To protect their crops from pests, Metropolis Farms instead uses carnivore plants they have dubbed "terminator plants" to kill bugs. They plant them between each of their super towers so they can lure the bugs in with their scent and devour them.
Another benefit about his particular crops Griffin pointed out is that because they deliver to restaurants, and grocery stores mostly in a one hour radius, their produce is a lot fresher than those that travel long distance because the average vegetable loses 60 to 70 percent of its nutrition and taste during shipment.
To make their production even more sustainable, they have reduced energy output through the use of robotics and hope to be using solar energy soon as well.
Griffin added, "We can produce over 10 times the micro greens from the same space as a traditional micro green farm, while using half the energy and a minuscule amount of water."

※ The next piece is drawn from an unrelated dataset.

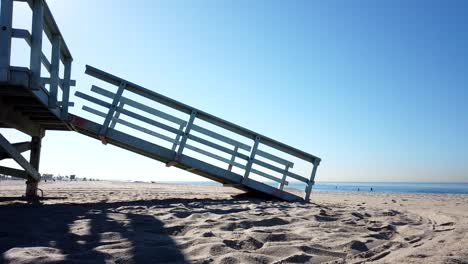 Venice-Beach-Zeitraffer-Mit-Blick-Auf-Den-Ozean,-Rettungsschwimmerposten-Im-Vordergrund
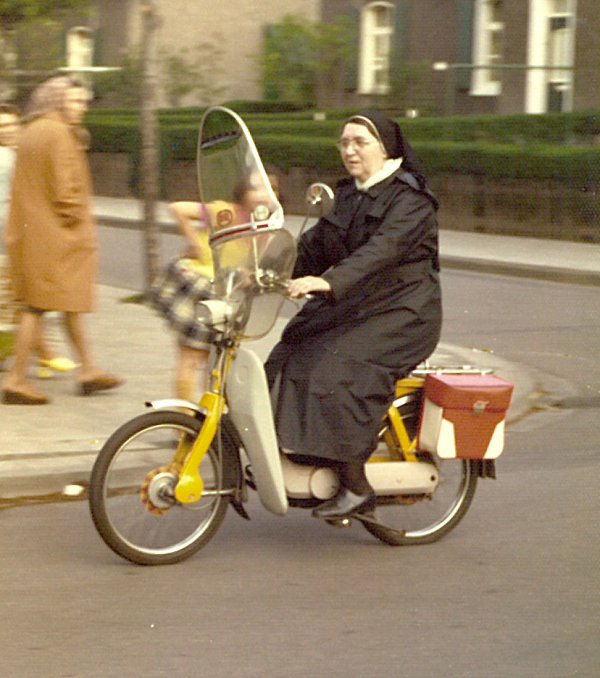 Schwester Kunigunde auf dem Moped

Just opened last January, Griffin said that they are not shooting to be world's largest vertical farm. "Giant vertical farms have the same problems as large agriculture. We want to be largest network of farms. Our vision is to create a local network of farms partnering with people in the community."
"We want to grow farmers too. We want to bring back artisan farmers," he added.
They are hoping to set up farms in other Philadelphia area locations like University City and King of Prussia and to other cities like New York City, Washington D.C and Baltimore. They also want to eventually offer a noncommercial license for people to grow their vertical farms using Metropolis Farms' Revolution Vertical Farming Technology.